• **What you have to do**
Would you repeat word for word the lines of the listing that follows, from the one with "Aquamarine Lot, Loose" up to and including the one with "Markise, Sonnenschutz, einfahrbar, mit", and leave out the images?

• **Given records**
————————

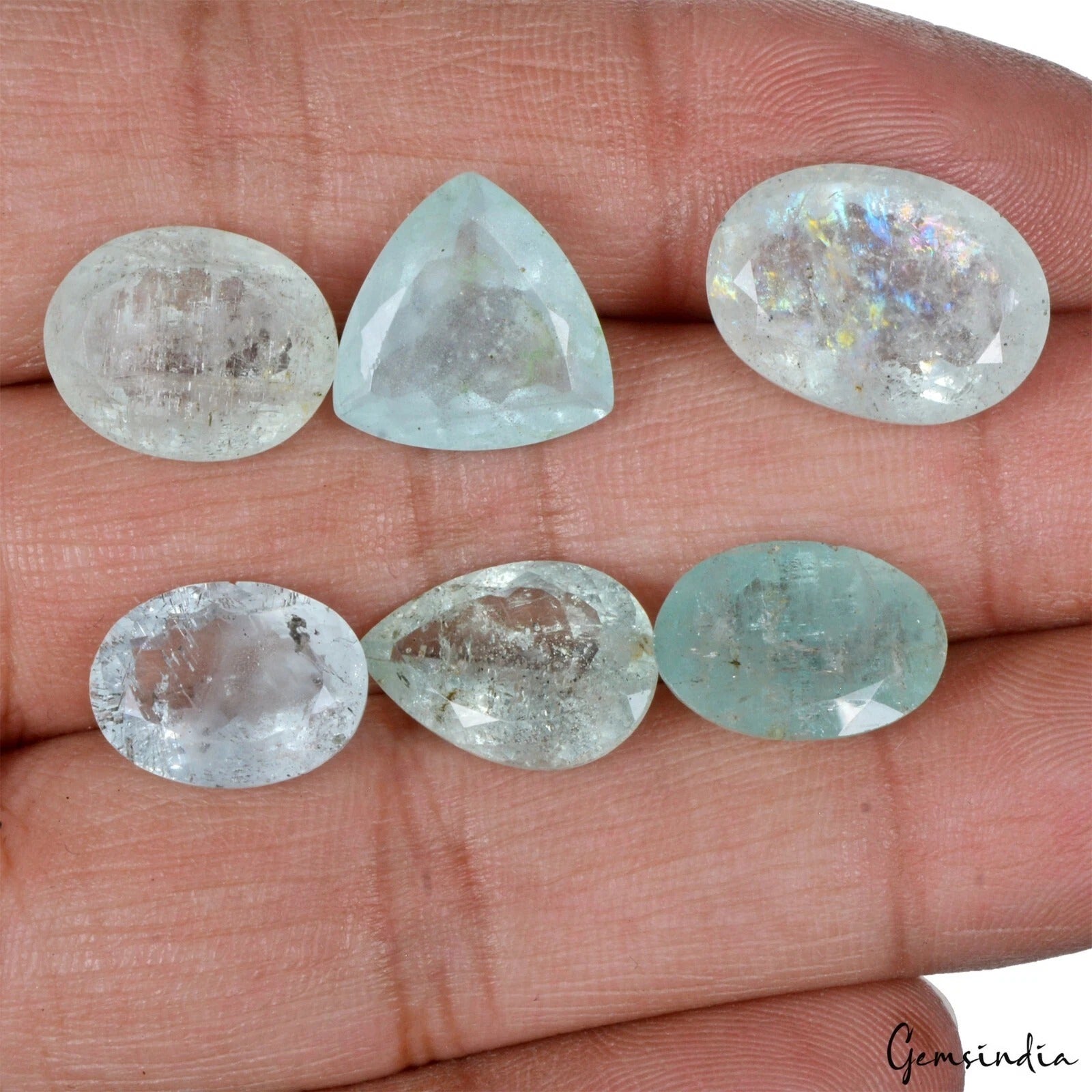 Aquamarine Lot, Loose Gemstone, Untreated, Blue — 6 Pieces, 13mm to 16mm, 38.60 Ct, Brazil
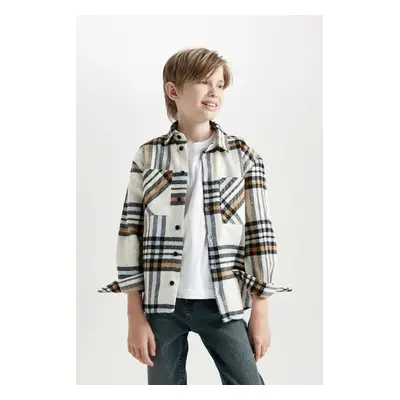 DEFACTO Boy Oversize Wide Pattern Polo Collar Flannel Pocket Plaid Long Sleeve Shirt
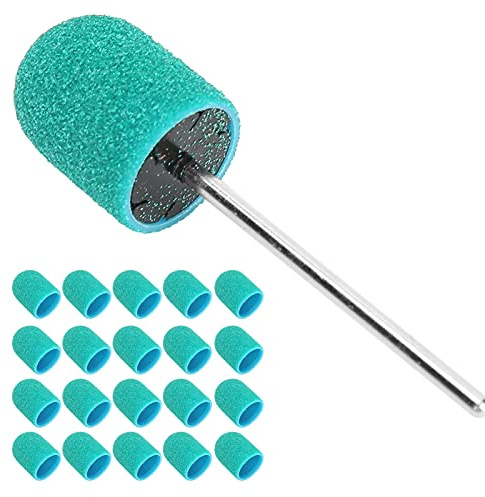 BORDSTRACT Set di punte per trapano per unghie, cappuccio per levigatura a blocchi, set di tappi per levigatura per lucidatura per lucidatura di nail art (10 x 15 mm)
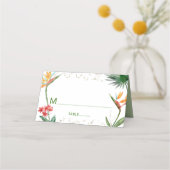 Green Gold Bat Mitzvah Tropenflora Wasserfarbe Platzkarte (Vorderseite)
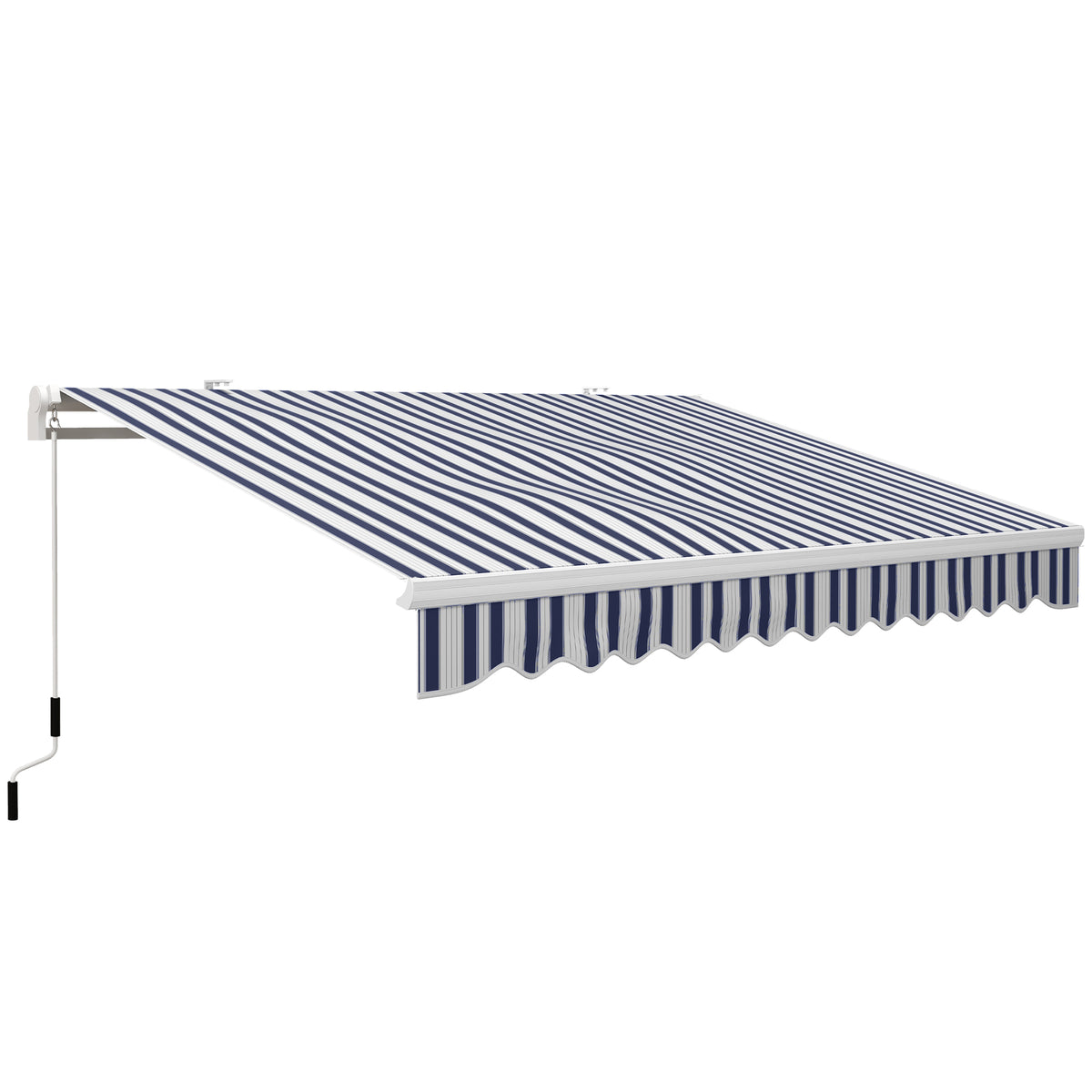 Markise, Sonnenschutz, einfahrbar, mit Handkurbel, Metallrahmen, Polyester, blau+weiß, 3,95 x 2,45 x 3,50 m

————————

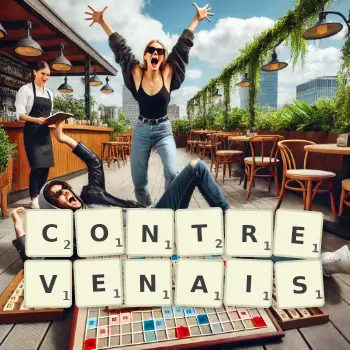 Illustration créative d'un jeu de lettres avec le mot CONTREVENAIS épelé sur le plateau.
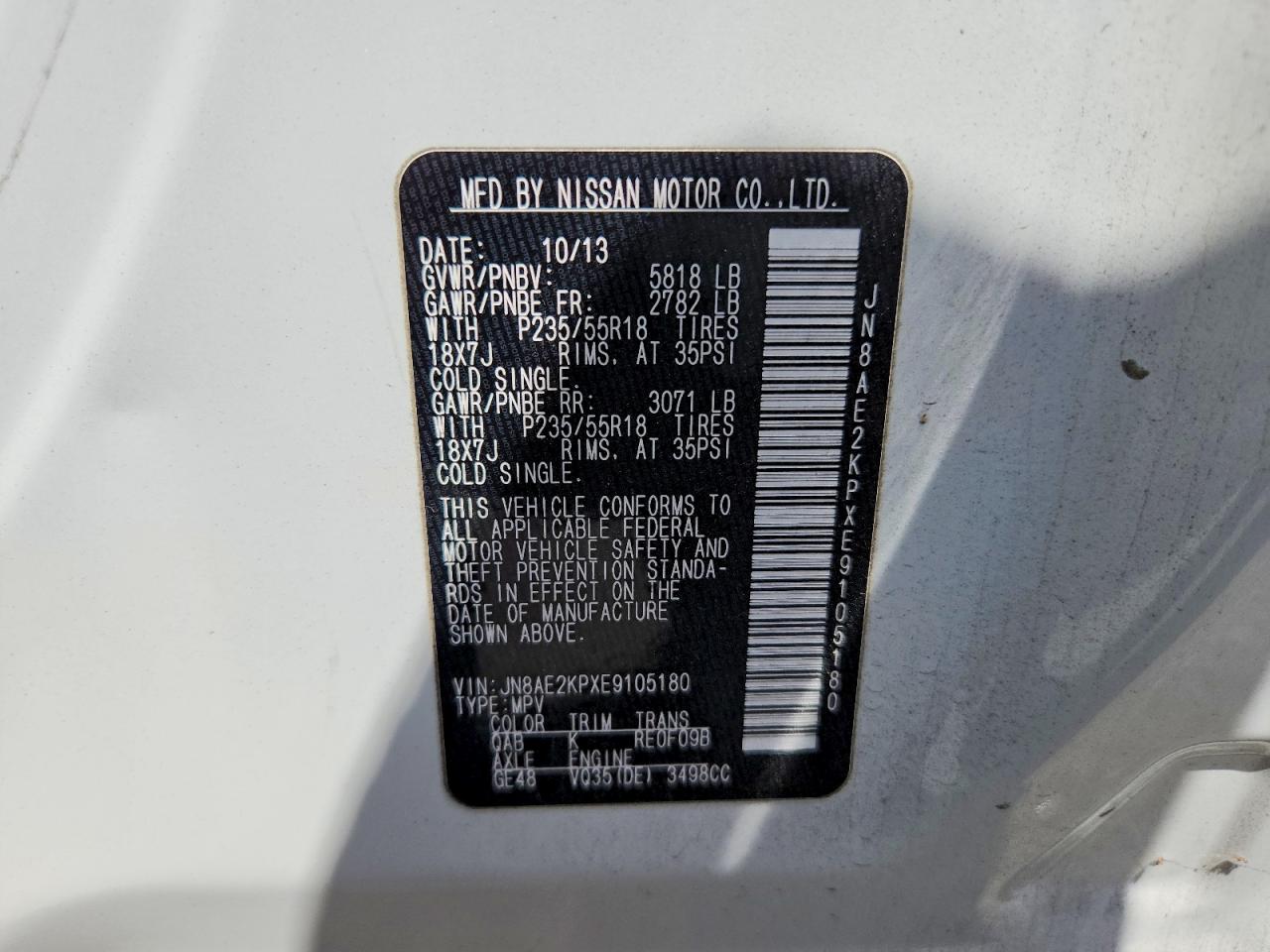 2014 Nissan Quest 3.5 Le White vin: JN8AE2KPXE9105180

————————

• **Answer area**
 Aquamarine Lot, Loose Gemstone, Untreated, Blue — 6 Pieces, 13mm to 16mm, 38.60 Ct, Brazil
 DEFACTO Boy Oversize Wide Pattern Polo Collar Flannel Pocket Plaid Long Sleeve Shirt
 BORDSTRACT Set di punte per trapano per unghie, cappuccio per levigatura a blocchi, set di tappi per levigatura per lucidatura per lucidatura di nail art (10 x 15 mm)
 Green Gold Bat Mitzvah Tropenflora Wasserfarbe Platzkarte (Vorderseite)
 Markise, Sonnenschutz, einfahrbar, mit Handkurbel, Metallrahmen, Polyester, blau+weiß, 3,95 x 2,45 x 3,50 m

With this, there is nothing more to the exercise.